Chicago lean hog futures have nearly doubled in value to about 88 cents US per pound since mid-August amid tight supplies and strong demand for pork.

Chicago corn futures have risen over the same period but are down 15 percent in 2010.

“What people who supply the industry tell me is that the (farmers) who are there now are the ones that have staying power,” said Kevin Grier, senior market analyst at the George Morris Center in Guelph, Ont. Mixed farmers, who grow feed crops for their hogs, have weathered the industry’s problems better than some, he added.

Manitoba Pork Council president Karl Kynoch said it is too soon to say the downsizing trend is leveling out. Farmers who have agreed to cease production in exchange for government funding are still in the process of emptying their barns, he added.

However, Kynoch said improved prices and lower feed costs have brightened the outlook for hog farming.

“Some of the guys are starting to get more enthusiasm,” he said.

“Things are looking better than they have the last three years.”

Canada’s sow inventory dropped 5.7 percent to 1.3 million head as of April 1, Statistics Canada said.
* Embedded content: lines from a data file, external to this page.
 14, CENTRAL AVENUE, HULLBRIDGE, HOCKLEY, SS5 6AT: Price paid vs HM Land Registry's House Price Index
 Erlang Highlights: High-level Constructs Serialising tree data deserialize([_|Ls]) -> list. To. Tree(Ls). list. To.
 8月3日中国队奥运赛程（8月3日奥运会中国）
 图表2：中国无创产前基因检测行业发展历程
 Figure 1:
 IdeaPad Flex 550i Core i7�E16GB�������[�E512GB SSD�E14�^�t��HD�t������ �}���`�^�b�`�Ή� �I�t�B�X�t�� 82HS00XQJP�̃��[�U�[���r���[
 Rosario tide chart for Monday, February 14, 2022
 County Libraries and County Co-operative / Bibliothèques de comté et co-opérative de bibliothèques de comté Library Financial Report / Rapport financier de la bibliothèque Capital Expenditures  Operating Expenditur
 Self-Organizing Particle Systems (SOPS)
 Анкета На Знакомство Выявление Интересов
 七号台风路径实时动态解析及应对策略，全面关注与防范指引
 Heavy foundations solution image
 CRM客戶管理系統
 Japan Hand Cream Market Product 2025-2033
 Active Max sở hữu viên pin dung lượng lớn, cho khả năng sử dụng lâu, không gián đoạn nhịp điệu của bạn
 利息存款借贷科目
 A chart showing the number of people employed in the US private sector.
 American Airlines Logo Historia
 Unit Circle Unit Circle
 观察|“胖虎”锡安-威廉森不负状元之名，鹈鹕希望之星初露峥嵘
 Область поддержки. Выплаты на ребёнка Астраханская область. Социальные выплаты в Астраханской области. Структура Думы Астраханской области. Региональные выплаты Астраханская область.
The number of sows expected to farrow in the second and third quarters has dropped 2.1 percent and 3.6 percent, respectively, from the previous year because farmers have committed to removing 131,000 sows from production in exchange for government funds.

Those incentives to exit the industry may also be visible in the number of farms reporting inventories to Statistics Canada, which shrunk 11 percent to 7,150 farms from a year earlier.

Canadian hog exports, which have been hit hard by a meat labelling law in the United States that raises U.S. packer costs when processing foreign hogs, fell 20.5 percent to 1.4 million hogs from a year earlier.

Grier said hog slaughter has been stable at 5.5 million head for each of the past three quarters because of long-term contracting by packers and reduced flow of hogs to the U.S.

However, he said packers are starting to feel supply pressure.